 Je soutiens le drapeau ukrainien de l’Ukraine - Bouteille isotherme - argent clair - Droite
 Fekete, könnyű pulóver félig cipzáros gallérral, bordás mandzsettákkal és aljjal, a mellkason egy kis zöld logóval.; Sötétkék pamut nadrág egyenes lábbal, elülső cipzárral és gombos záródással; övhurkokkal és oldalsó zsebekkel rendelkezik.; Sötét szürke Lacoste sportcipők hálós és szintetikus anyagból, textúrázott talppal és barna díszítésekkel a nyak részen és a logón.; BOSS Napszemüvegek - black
------------------------------
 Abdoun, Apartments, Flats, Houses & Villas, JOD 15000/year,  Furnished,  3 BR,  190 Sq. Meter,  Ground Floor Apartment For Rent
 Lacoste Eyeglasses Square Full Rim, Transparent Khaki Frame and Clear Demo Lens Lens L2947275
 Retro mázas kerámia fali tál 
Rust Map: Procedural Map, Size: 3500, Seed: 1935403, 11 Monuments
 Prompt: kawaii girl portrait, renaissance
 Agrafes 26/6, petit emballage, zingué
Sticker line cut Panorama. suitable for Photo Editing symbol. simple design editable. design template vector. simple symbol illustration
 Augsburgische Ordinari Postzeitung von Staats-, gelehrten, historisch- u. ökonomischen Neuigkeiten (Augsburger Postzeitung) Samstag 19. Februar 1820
------------------------------
For the material above, reproduce exactly the lines from the line with "Je soutiens le" to the line with "Fekete, könnyű pulóver", inclusive, and exclude all others.

[TASK RESPONSE]
 Je soutiens le drapeau ukrainien de l’Ukraine - Bouteille isotherme - argent clair - Droite
 Fekete, könnyű pulóver félig cipzáros gallérral, bordás mandzsettákkal és aljjal, a mellkason egy kis zöld logóval.; Sötétkék pamut nadrág egyenes lábbal, elülső cipzárral és gombos záródással; övhurkokkal és oldalsó zsebekkel rendelkezik.; Sötét szürke Lacoste sportcipők hálós és szintetikus anyagból, textúrázott talppal és barna díszítésekkel a nyak részen és a logón.; BOSS Napszemüvegek - black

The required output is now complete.